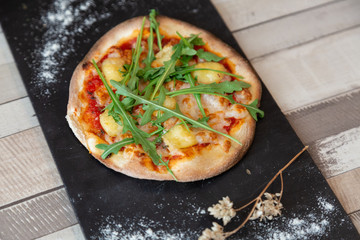 Top view of pizza with arugula on a blackboard garnish with flour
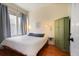 Bright bedroom with a queen-size bed and hardwood floors at 764 Edgewood Ne Ave # 8, Atlanta, GA 30307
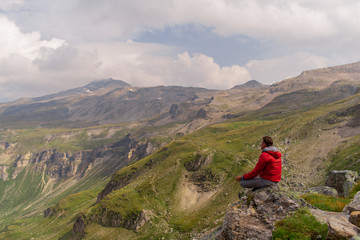 Young man in a red jacket on the stones looks at a magnificent view of the Alps mountains.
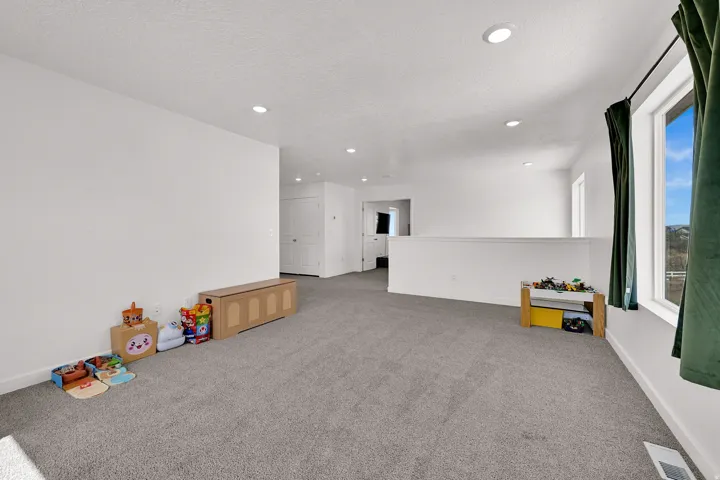 Spacious open loft area featuring plush grey carpeting, recessed lighting, white walls, and a prominent window with a dark green curtain panel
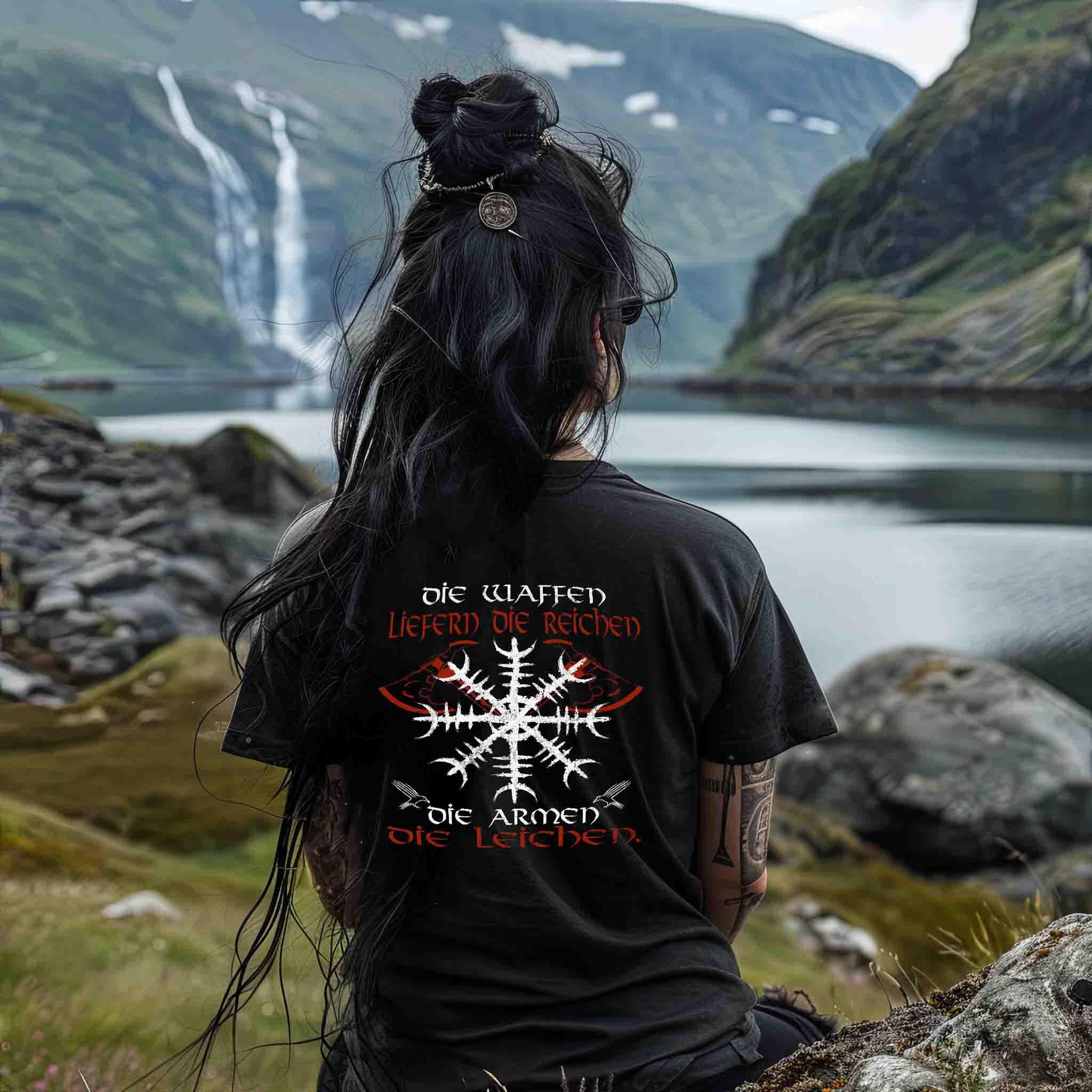 Frau mit Wikinger-Shirt und Runenmotiv sitzt am norwegischen Fjord, nordische Naturkulisse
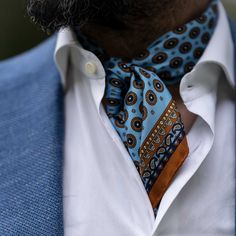 This neckerchief can effortlessly shift your style, whether you're going for a timelessly classic look or something a bit more rakish.The rich medallion pattern in ginger with a touch of navy on a light blue background takes inspiration from the charm of Tuscany’s cobblestone streets.Crafted from luxurious silk twill—a must-have accessory for any man who appreciates refined elegance. Details The classic neckerchief size: Approx. 27" x 27" (70 x 70cm). A comfortably large size that fits most men, Mens Scarf Fashion, Italian Silk Scarf, Sky Blue Background, Dapper Mens Fashion, Mens Fashion Wear, Men's Formal Style, Bandana Styles, Medallion Pattern, A Sky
+===+
• _THE TASK_
Output the records verbatim, every one of them, and keep the pictures out.

• _RESULT OF THE EXERCISE_
 Top view of pizza with arugula on a blackboard garnish with flour
 Bright bedroom with a queen-size bed and hardwood floors at 764 Edgewood Ne Ave # 8, Atlanta, GA 30307
 Young man in a red jacket on the stones looks at a magnificent view of the Alps mountains.
 Spacious open loft area featuring plush grey carpeting, recessed lighting, white walls, and a prominent window with a dark green curtain panel
 Frau mit Wikinger-Shirt und Runenmotiv sitzt am norwegischen Fjord, nordische Naturkulisse
 This neckerchief can effortlessly shift your style, whether you're going for a timelessly classic look or something a bit more rakish.The rich medallion pattern in ginger with a touch of navy on a light blue background takes inspiration from the charm of Tuscany’s cobblestone streets.Crafted from luxurious silk twill—a must-have accessory for any man who appreciates refined elegance. Details The classic neckerchief size: Approx. 27" x 27" (70 x 70cm). A comfortably large size that fits most men, Mens Scarf Fashion, Italian Silk Scarf, Sky Blue Background, Dapper Mens Fashion, Mens Fashion Wear, Men's Formal Style, Bandana Styles, Medallion Pattern, A Sky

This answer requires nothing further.